● **Prompt**: Omit all pictures, then retype the data exactly as given.

● **Material supplied**:
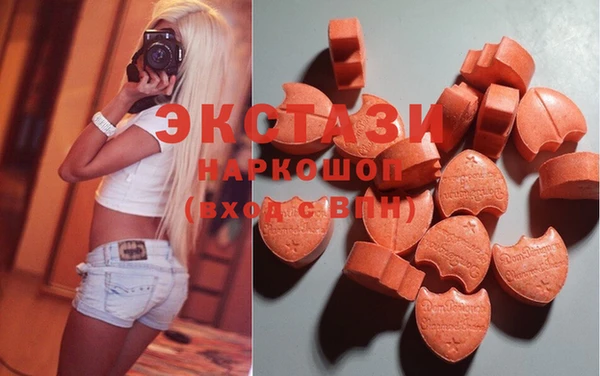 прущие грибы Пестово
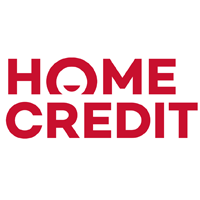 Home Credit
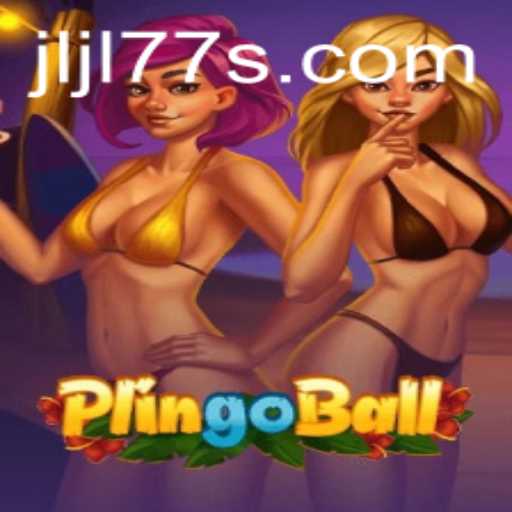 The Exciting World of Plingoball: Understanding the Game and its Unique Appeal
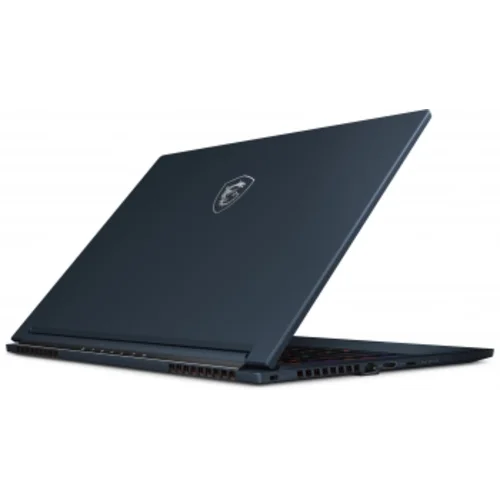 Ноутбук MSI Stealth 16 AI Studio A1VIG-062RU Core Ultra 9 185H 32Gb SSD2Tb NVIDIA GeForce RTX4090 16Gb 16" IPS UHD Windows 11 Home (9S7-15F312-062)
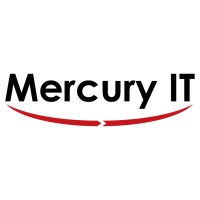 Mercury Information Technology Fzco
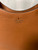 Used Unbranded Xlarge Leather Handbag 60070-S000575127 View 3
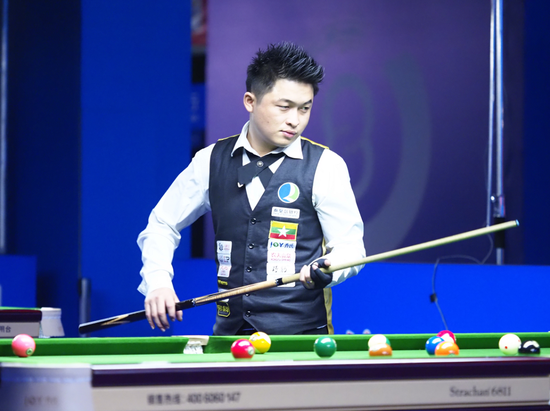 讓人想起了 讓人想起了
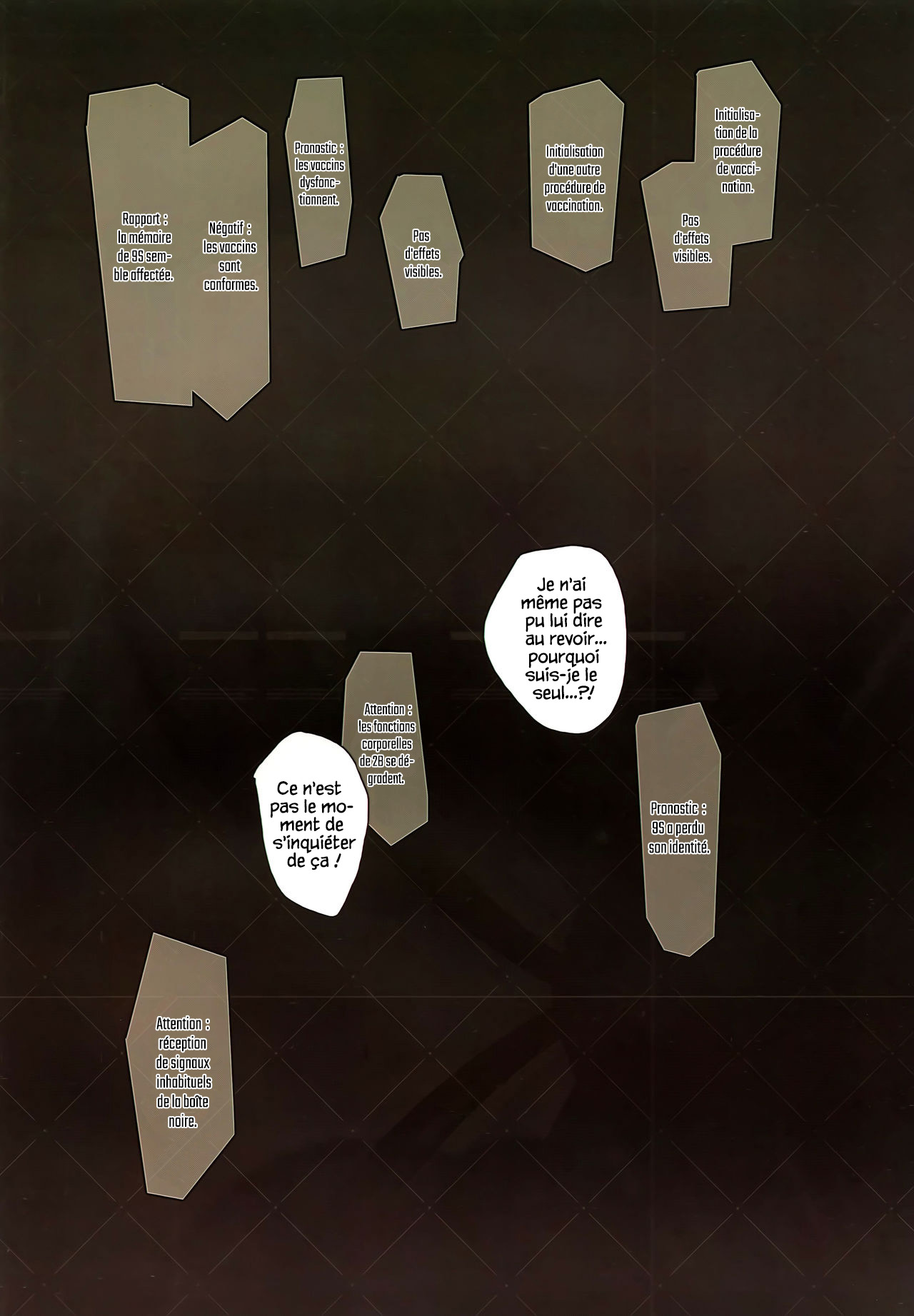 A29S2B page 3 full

● **Output below**:
 прущие грибы Пестово
 Home Credit
 The Exciting World of Plingoball: Understanding the Game and its Unique Appeal
 Ноутбук MSI Stealth 16 AI Studio A1VIG-062RU Core Ultra 9 185H 32Gb SSD2Tb NVIDIA GeForce RTX4090 16Gb 16" IPS UHD Windows 11 Home (9S7-15F312-062)
 Mercury Information Technology Fzco
 Used Unbranded Xlarge Leather Handbag 60070-S000575127 View 3
 讓人想起了 讓人想起了
 A29S2B page 3 full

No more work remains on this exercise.